We lost Ate Elaine when she was thirteen years old. She was a blue baby. The doctors said she had a tiny, needle-prick-sized hole in the valve of her heart. Our parents told us later on, in stories during her wake, that the doctor gave her nine years to live. At that time, the medical procedure for the congenital heart condition gave the patient only a 50% chance of survival, at best. My parents did not want her to suffer through the open heart surgery with very little assurance of success. (Nowadays, my siblings tell me that the present technology allows the patient, easily, to live a long and normal life, post- surgery; it came twenty years late).
Ate Elaine’s favorite song, a number she had heard many times in church, was “I believe”, or “I believe… for every drop… of rain that falls…”. For those who are not familiar with the song, it is embedded here; a youtube video also follows the soundcloud pod; click the pod to stop the autoplay)
When she sang it, she put her palms together in a perfect prayer pose and gazed steadily at the space in front of her, she did not move her head or eyes during the rendition, and slowly sang all the lyrics from memory; and then burst into a big smile after the applause around her. She would sing it at the drop of a hat, anytime, anywhere, standing on our wooden tablả floor in the house, or on a stage in front of an audience.
Ate Elaine, my parents often told us, was the only one who rushed out the door to meet them everytime they got home from work or the market, and would shout “Mommy, mommy” “Daddy, daddy”, and gave hugs for a bar of Hershey’s, or Serg’s or Goya chocolate. She was the easiest to laugh and to please; the gentlest, and the least quarrelsome of the siblings. The only time she “scolded” me was when I fended off children who were milling around her.
She wasn’t allowed to run or to play in the streets without supervision because of her heart condition, but this did not stop her from joining a modified version of Chinese garter, pikὁ (“step-no”), and hide-and-seek, always within a two-block radius of my parents eyesight.
When i was four, and Teng was three, Kuya Junior and I headed our contingent of four children (Myra was a baby) and we broke out of the house, into the streets to play and throw rocks at the carabaos that were regularly brought to pasture in the lot in front of the house. We were expressly prohibited from doing this, we were required to sleep in the afternoons to grow tall. Our parents bolted the door and Mommy slept on a mat at the foot of the bed so we could not get out of the bed without stepping on her. We simply tiptoed quietly, got down the stairs, and stood on a small chair to reach the bolt of the door. We brought Ate Elaine, who was seven, with us. Like a band of prisoners, we were not going to leave her behind.

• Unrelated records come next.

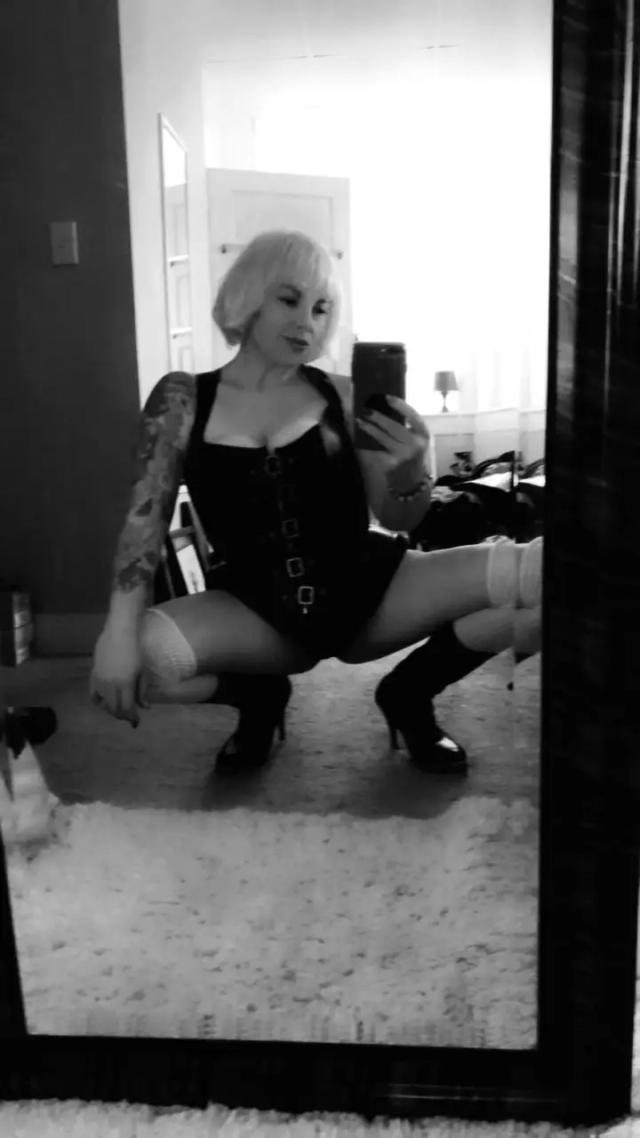 Kinky Courtesan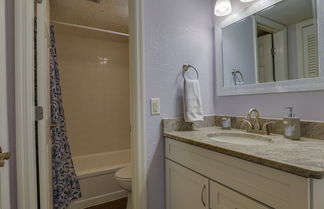 Photo 2 - Gainesville Condo w/ Patio, 2 Mi to UF Campus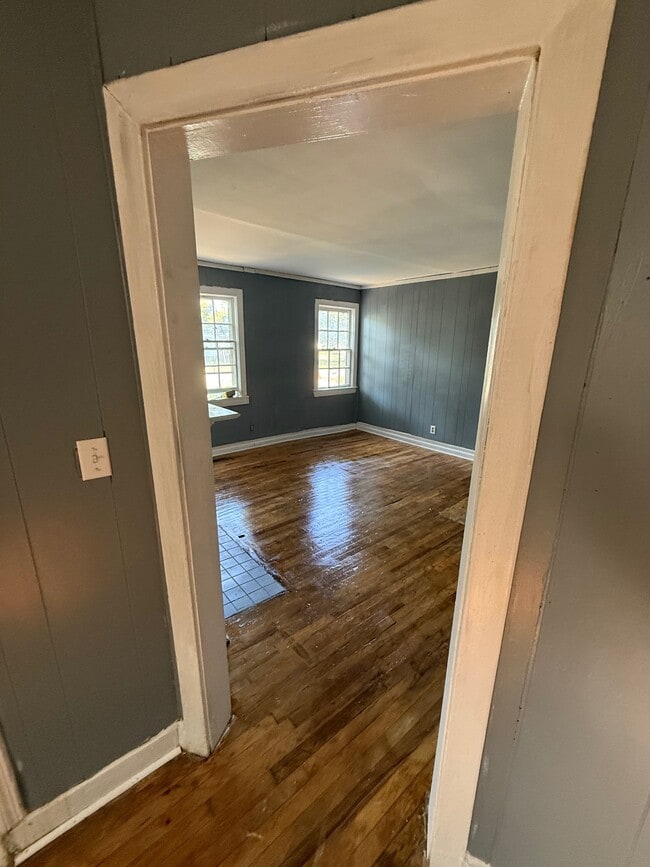 Building Photo - 2028 Lee Terrace SW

After hurling rocks at the carabaos, we ran out into the streets to see where they would go. In a minute, I looked behind us and saw the neighbor’s big dog, Judy, she was running toward us ferociously, and we shouted “si Judy, nauulol na” (“Judy had gone mad”), and Kuya Junior shouted, “may rabies yan” (“she has rabies”). We raced up the road, ran for our lives, and dragged Ate Elaine, then made a turn in the vacant lot full of talahib grass, where the carabaos had grazed, we dragged Teng so hard that he tripped on the talahib and had scrapes and abrasions, but we had to get out of there and reach home.
Mommy was furious. Ate Elaine’s skin color had turned violet. That was the only time I had seen her that angry –- the first and the last. She took a blanket , twirled it into a rope, wound it around us to squeeze us, and made us promise not to do this again. It wasn’t physically painful but we cried so hard because she was very angry. When I became an adult and reviewed this in my head, I realized she was probably… both angry and frightened because something untoward could have happened to Ate Elaine then.
But Ate Elaine never squealed on us, or blamed us, she never fought back, she won over.
We moved into a bungalow five years later, and it was three blocks from the church. That night, she and cousin Manang Linda were playing sungka. Ate Elaine could play anyone a mean game of sungka. Manang Linda was watching TV simultaneously, so, when she was not looking, Ate Elaine would scoop up all the shells and pebbles of all the houses and put them in her house (of course, Manang Linda knew and just laughed and let her); that night, she won all the rounds and her house was full.
The next morning, Manang Linda, Manang Nenette, Myra, and I went to early Sunday mass. Myra and I offered flowers at the foot of the statue of the blue Virgin Mary in front and at that moment i had two seconds of sudden throbbing in the heart. When we got home, Mommy was rushing out with tears streaming on her face, and said Ate Elaine had died. She was already in the hospital, Mommy came back to get documents and Ate Elaine’s Sunday frocks, she died from a blood clot that usually resulted from an irregular heart beat caused by her heart condition. Auntie Francing later in the day went to the stores and got her a white satin and lace dress for the wake and funeral.
Ate Elaine was the eldest.
My parents eloped because Mommy said her relatives wanted to marry her off with a provincemate, so she and my father eloped and they settled here in Manila. And so… you could say that Ate Elaine paved the way for the rest of us siblings. All along, we thought she needed protection but from the very beginning, even before birth, she had laid the bricks for the road we would take later on.